_Entries supplied:_
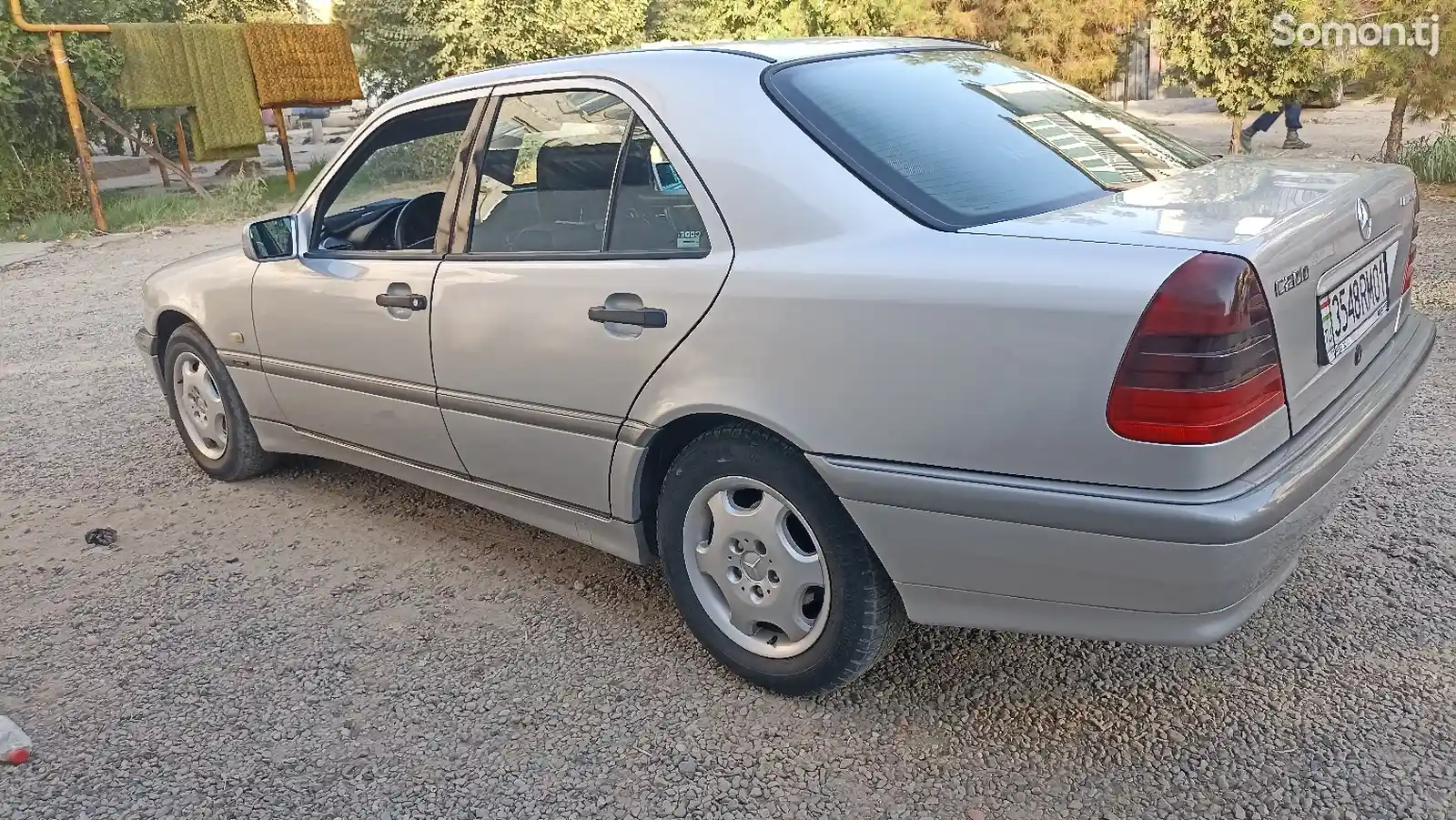 Mercedes-Benz C-Class, 1998-5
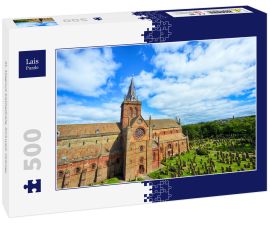 Lais Puzzle - St. Magnus Kathedrale, Kirkwall, Orkney - 500 Teile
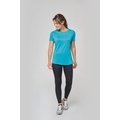 Camiseta deporte Tejido de jersey antibolitas.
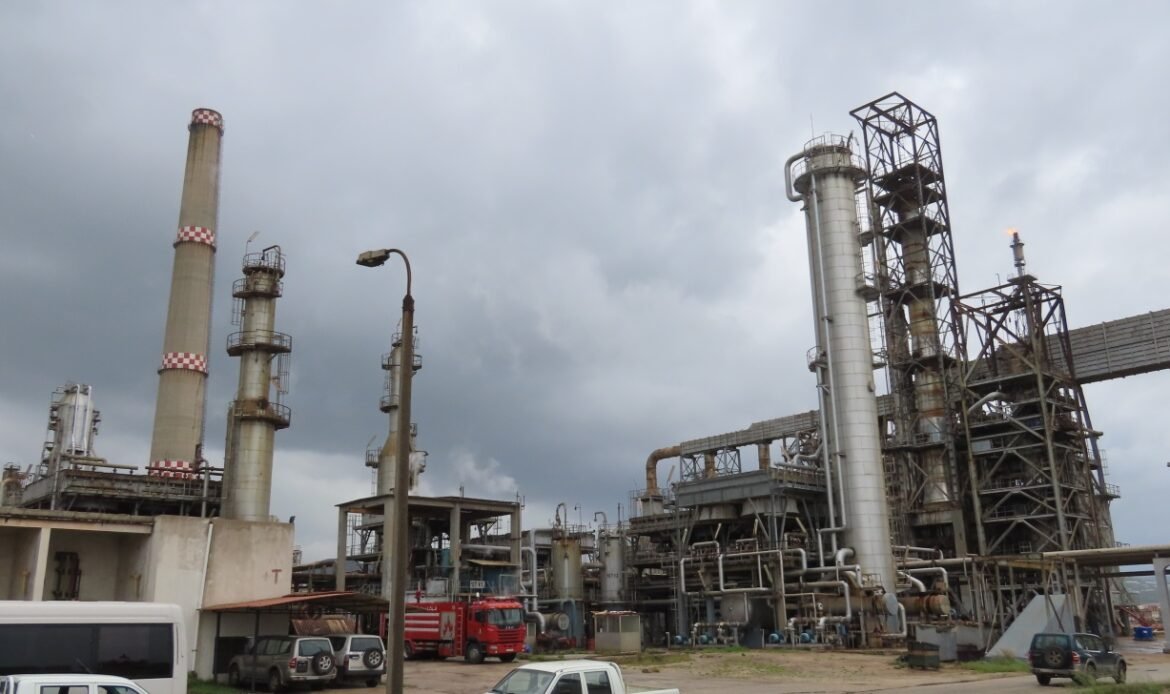 Insight into the Current State of Petroleum Derivatives in Syria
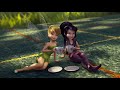 Tinker Bell And The Great Fairy Rescue Ending Scene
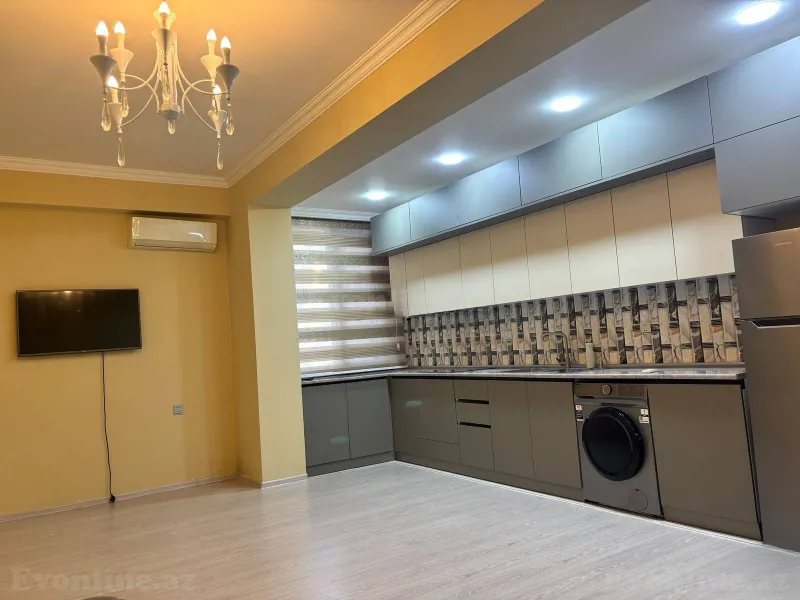 Kirayə verilir 2 otaqlı Mənzil Yeni tikili 59 m² 28 May m. - şəkil 3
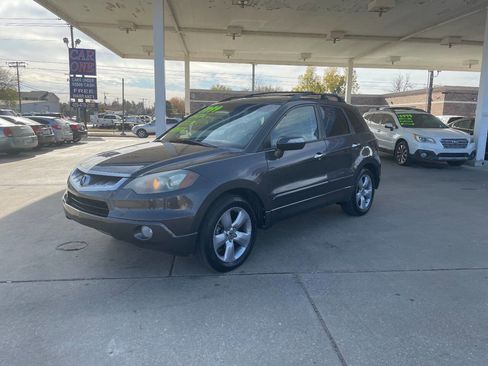 Used 2009 Acura RDX SH-AWD w/ Technology Package image 3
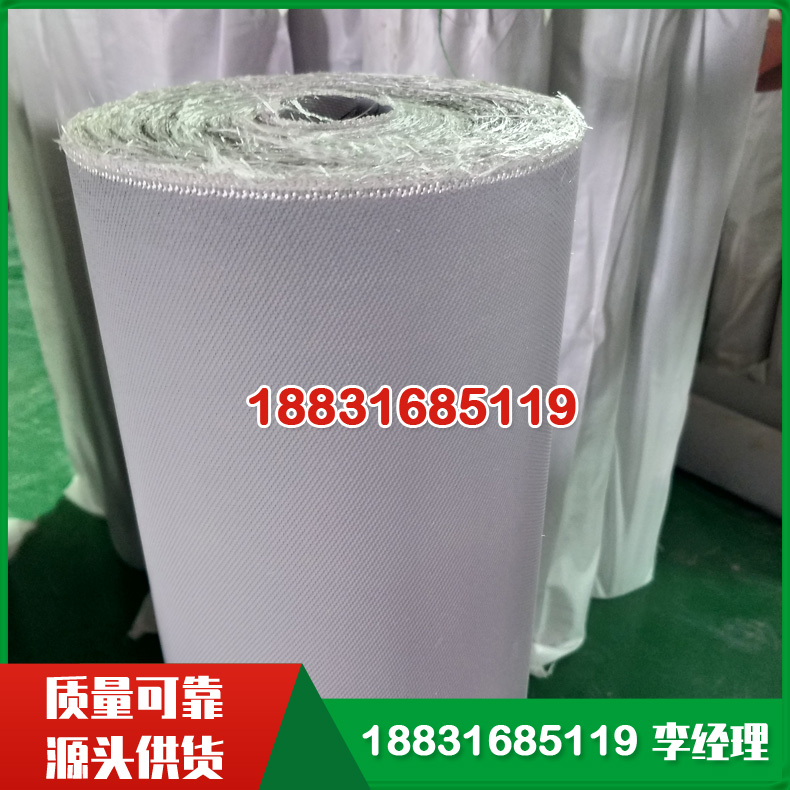 防火布 防水阻燃 防火阻燃布 耐腐蚀耐酸碱 硅胶布规格齐全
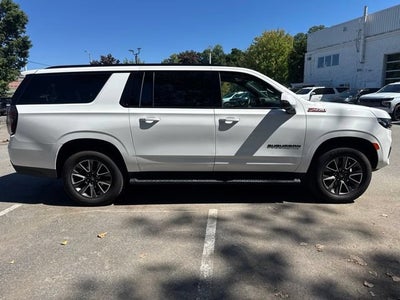 2023 Chevrolet Suburban Z71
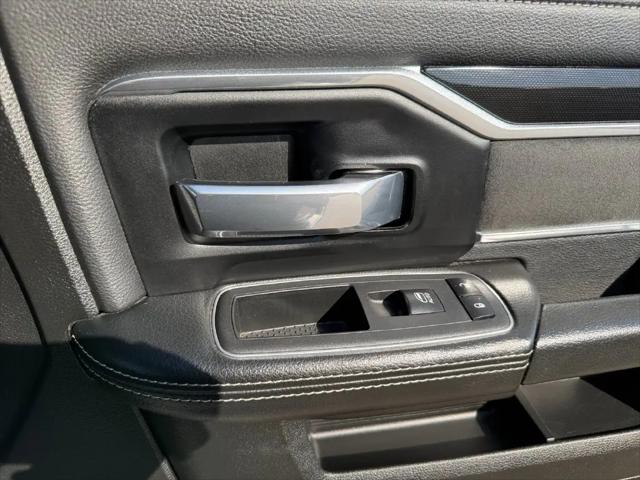 2022 Ram 2500 Laramie Crew Cab 4x4 64 Box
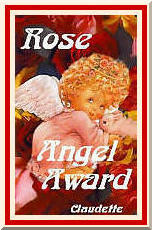 Rose Angel Award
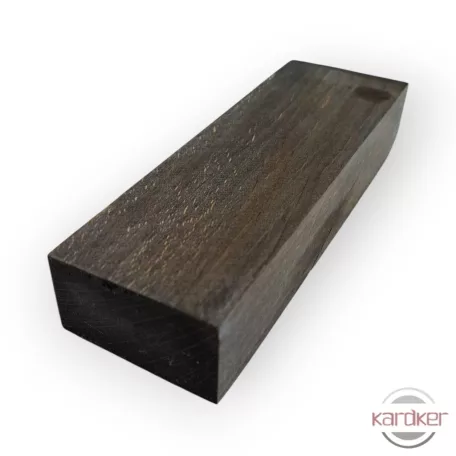 Kés markolat alapanyag stab. bükkfa 027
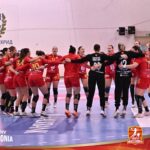 Македонија убедливо ја совлада Србија во првото коло од „Трофеј Македонија“ во Охрид
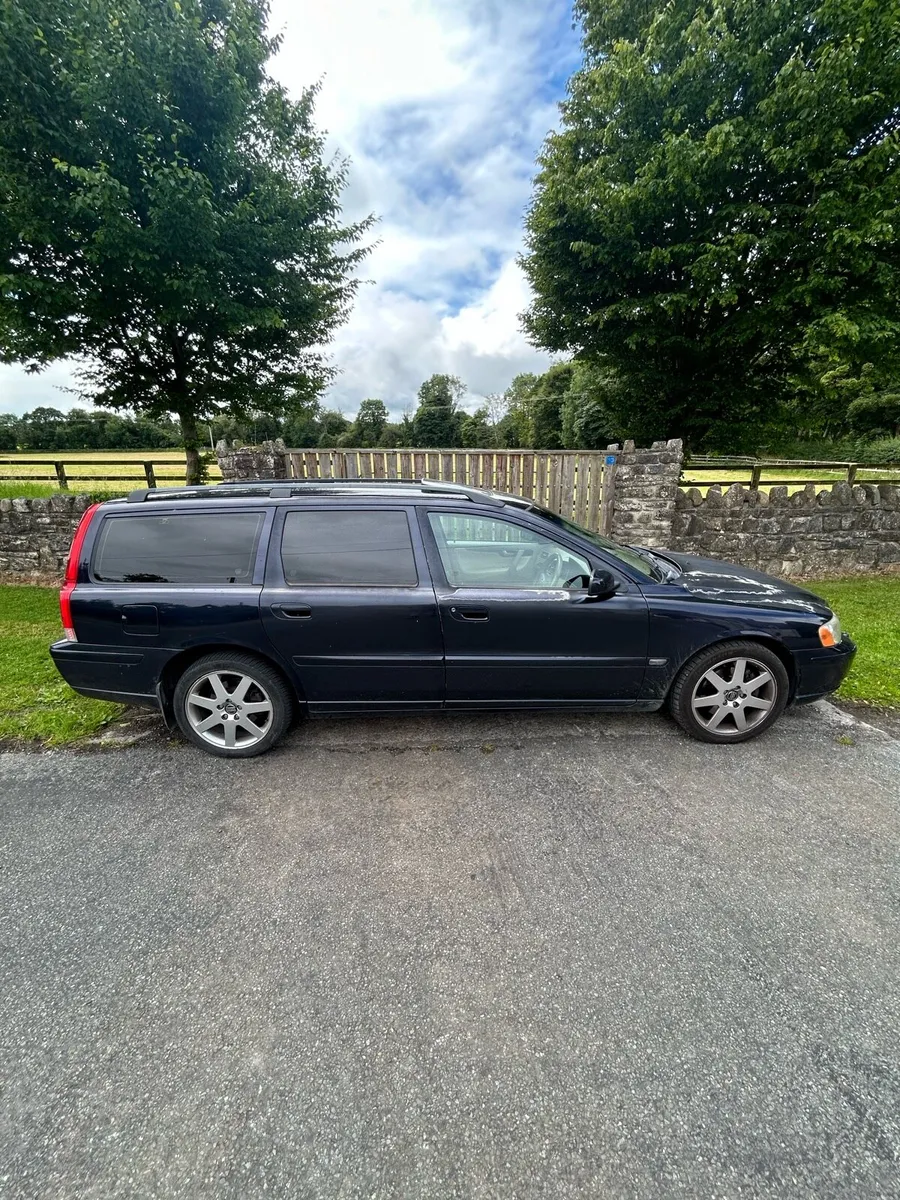 Volvo v70 2.0 turbo - Image 3
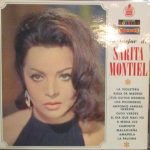 Sarita Montiel – Lo Mejor De Sarita Montiel LP Plak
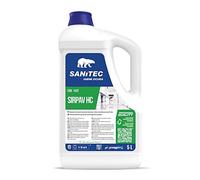 Sirpav HC Detergente Universale super Sgrassante Ammoniacale per Superfici Dure - 5 kg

_About this task:_ What is needed is an exact restatement of the lines from the line with "2022 Ram 2500 Laramie Crew Cab 4x4 64 Box" through the final line of the data, pictures excluded.

_Response for this exercise:_
 2022 Ram 2500 Laramie Crew Cab 4x4 64 Box
 Rose Angel Award
 Kés markolat alapanyag stab. bükkfa 027
 Македонија убедливо ја совлада Србија во првото коло од „Трофеј Македонија“ во Охрид
 Volvo v70 2.0 turbo - Image 3
 Sarita Montiel – Lo Mejor De Sarita Montiel LP Plak
 Sirpav HC Detergente Universale super Sgrassante Ammoniacale per Superfici Dure - 5 kg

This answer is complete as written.